— TASK PROMPT —
If pictures appear among the lines below, leave them out while you return exactly the lines from the one with "Lumière Drop Hoops · Moissanite" through the one with "A duplex room".

MATERIAL TO PROCESS Start Marker

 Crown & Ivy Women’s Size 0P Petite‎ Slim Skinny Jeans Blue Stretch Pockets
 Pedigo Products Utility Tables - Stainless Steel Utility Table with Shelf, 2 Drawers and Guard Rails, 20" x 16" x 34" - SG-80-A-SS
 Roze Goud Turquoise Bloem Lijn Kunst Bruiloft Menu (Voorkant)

MATERIAL TO PROCESS End Marker
MATERIAL TO PROCESS Start Marker

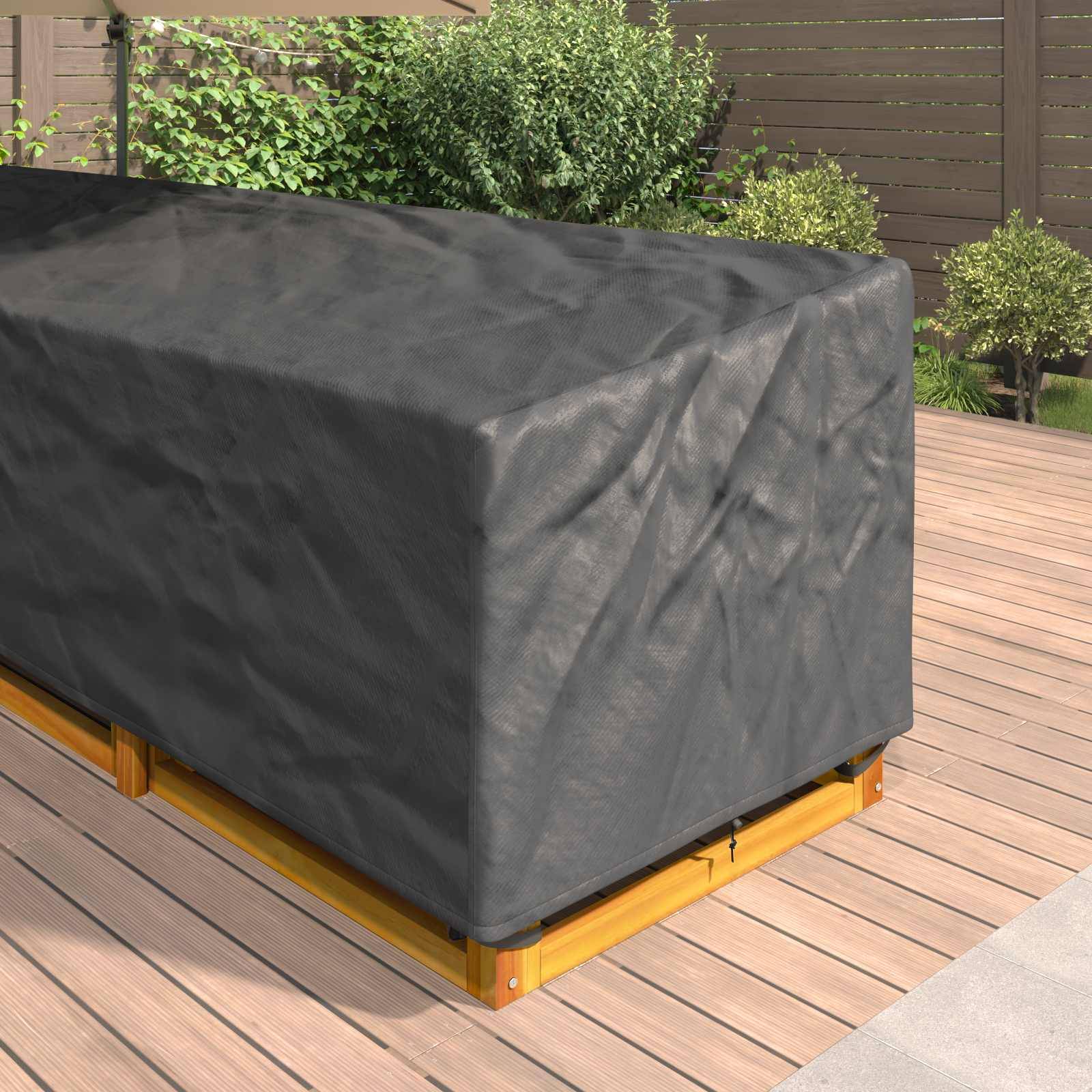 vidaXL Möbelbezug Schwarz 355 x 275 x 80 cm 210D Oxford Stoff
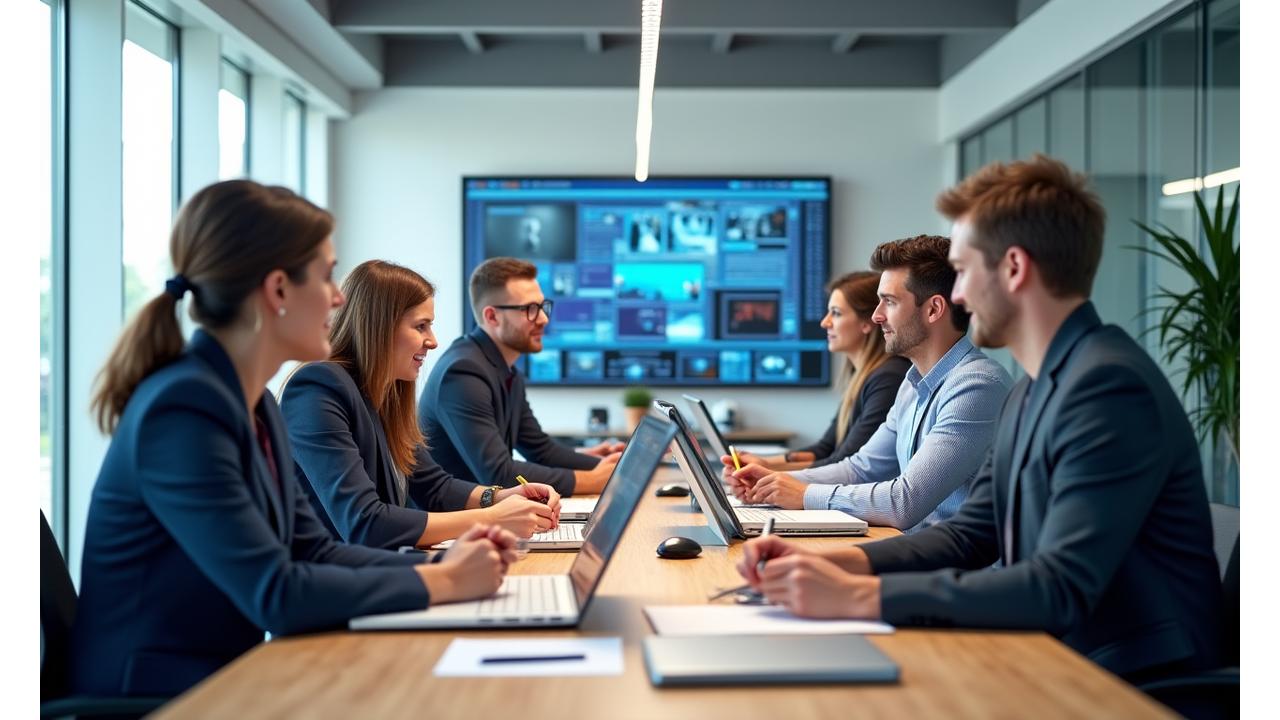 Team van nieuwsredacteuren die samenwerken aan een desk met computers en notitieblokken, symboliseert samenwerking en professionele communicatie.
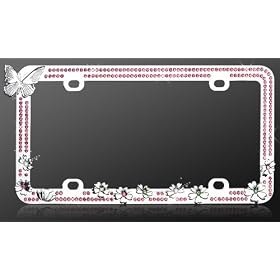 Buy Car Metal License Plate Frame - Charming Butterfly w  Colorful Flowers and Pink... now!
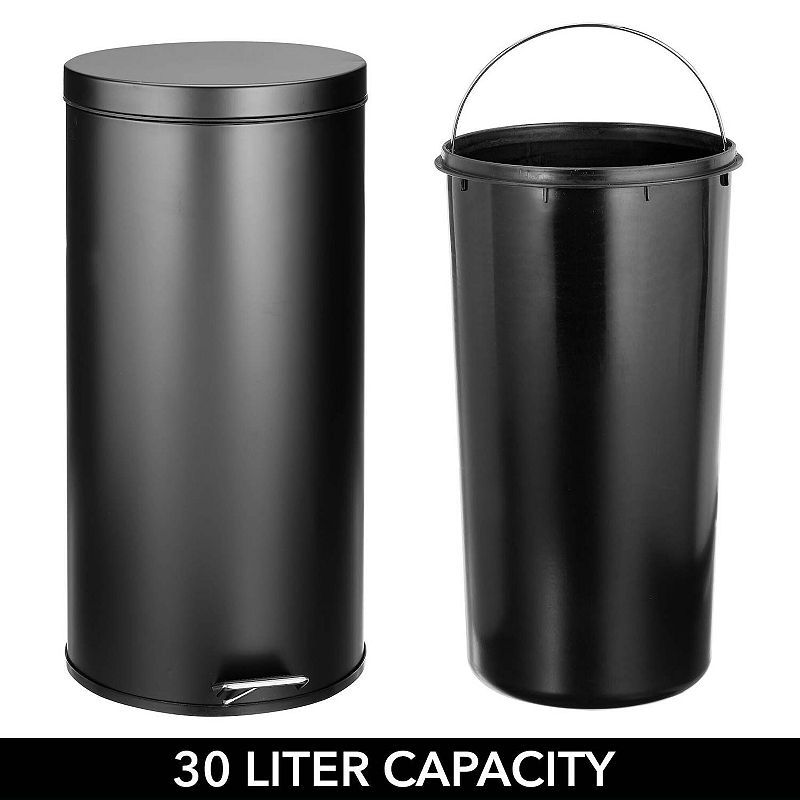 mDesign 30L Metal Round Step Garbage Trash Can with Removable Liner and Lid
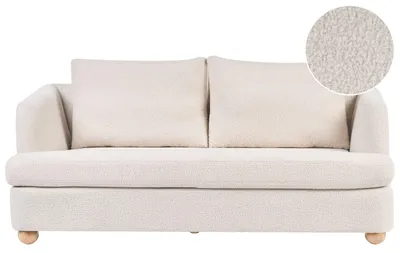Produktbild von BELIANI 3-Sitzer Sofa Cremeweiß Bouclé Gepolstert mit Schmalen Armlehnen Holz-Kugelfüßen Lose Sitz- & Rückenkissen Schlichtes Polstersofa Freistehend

MATERIAL TO PROCESS End Marker
MATERIAL TO PROCESS Start Marker

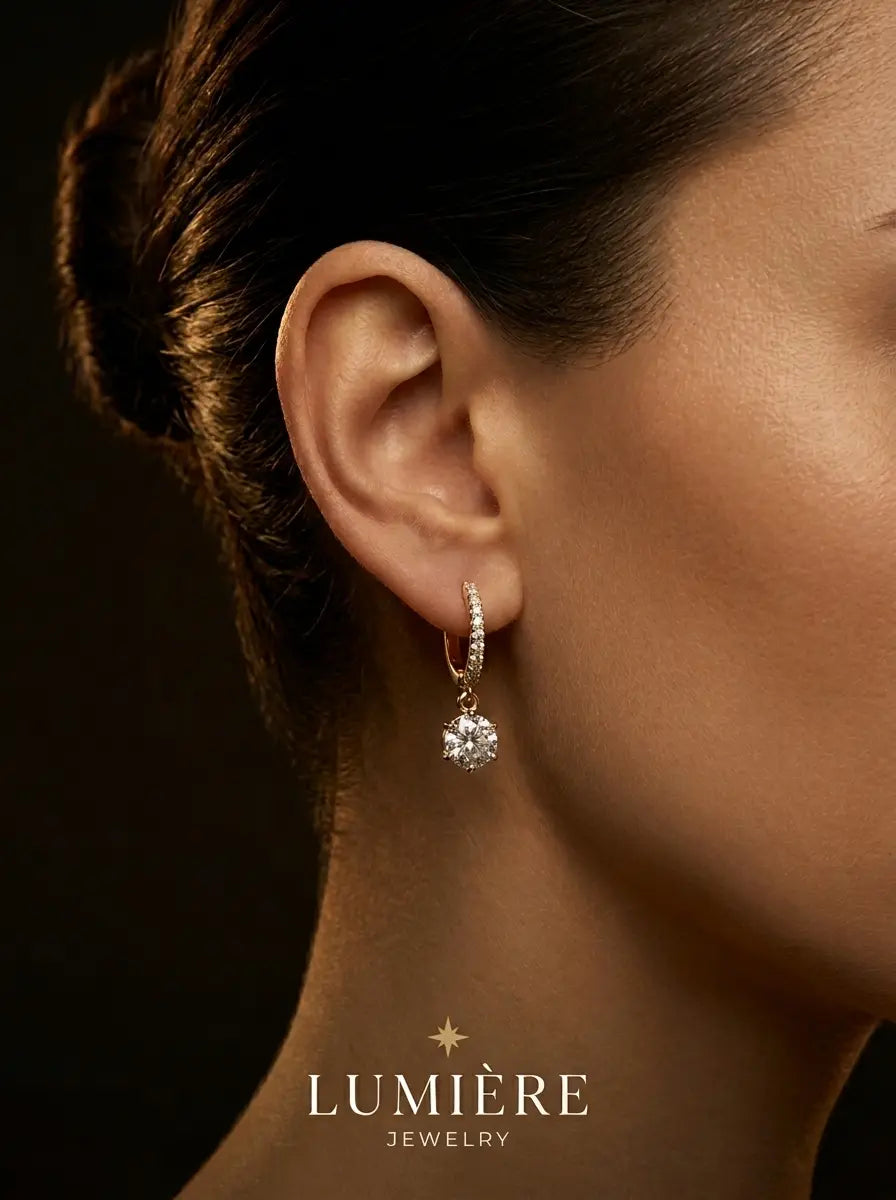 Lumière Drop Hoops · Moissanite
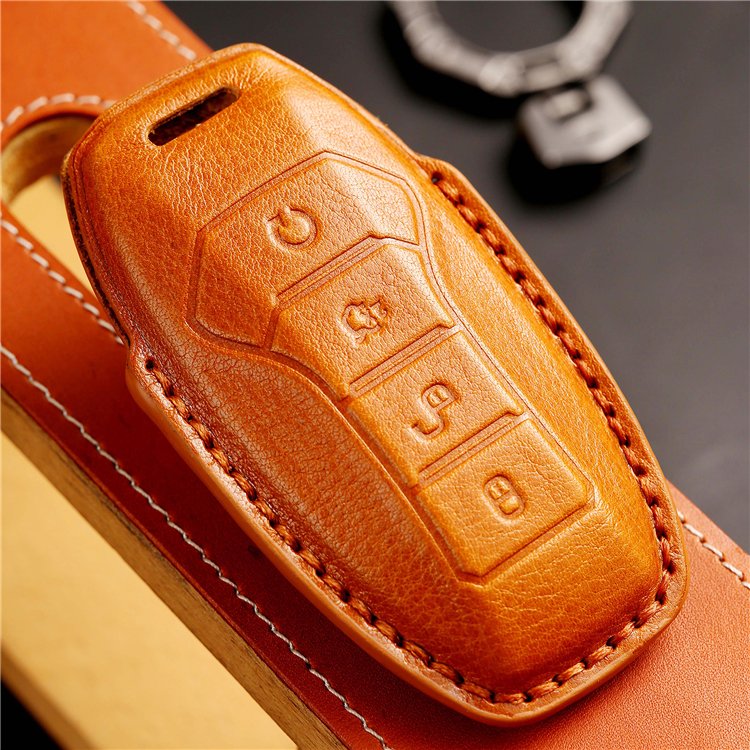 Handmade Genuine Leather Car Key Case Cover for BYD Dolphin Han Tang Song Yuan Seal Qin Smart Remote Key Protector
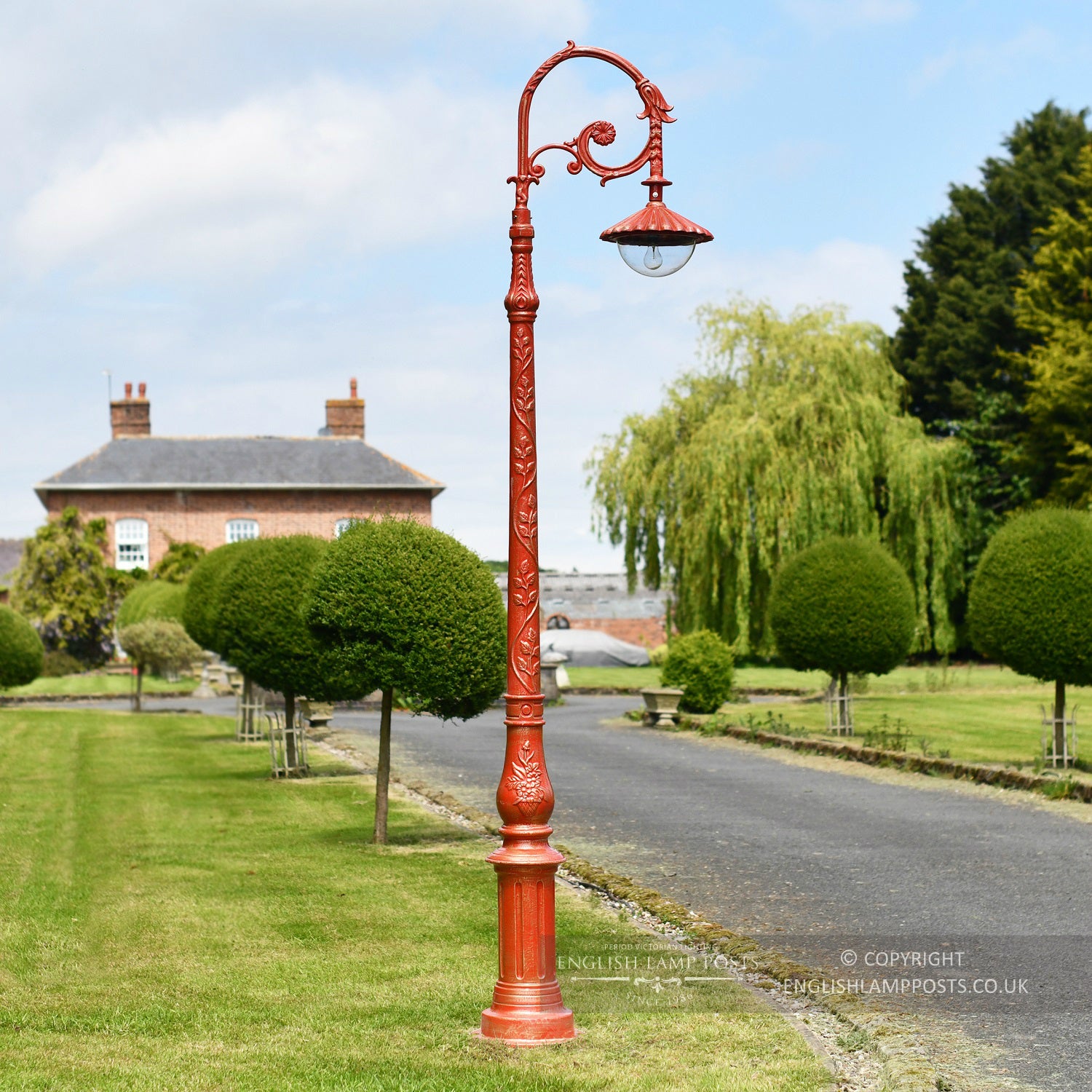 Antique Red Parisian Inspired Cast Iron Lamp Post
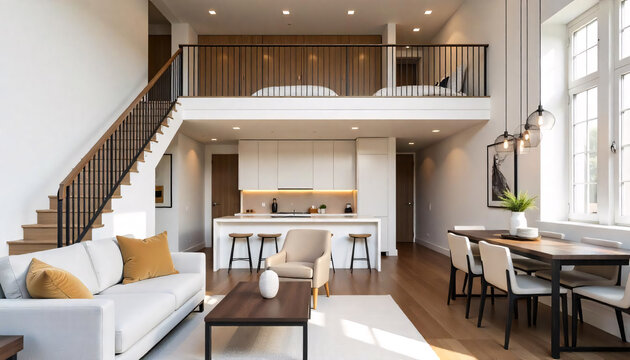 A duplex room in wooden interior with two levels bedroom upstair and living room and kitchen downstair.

MATERIAL TO PROCESS End Marker

— TASK OUTPUT —
 Lumière Drop Hoops · Moissanite
 Handmade Genuine Leather Car Key Case Cover for BYD Dolphin Han Tang Song Yuan Seal Qin Smart Remote Key Protector
 Antique Red Parisian Inspired Cast Iron Lamp Post
 A duplex room in wooden interior with two levels bedroom upstair and living room and kitchen downstair.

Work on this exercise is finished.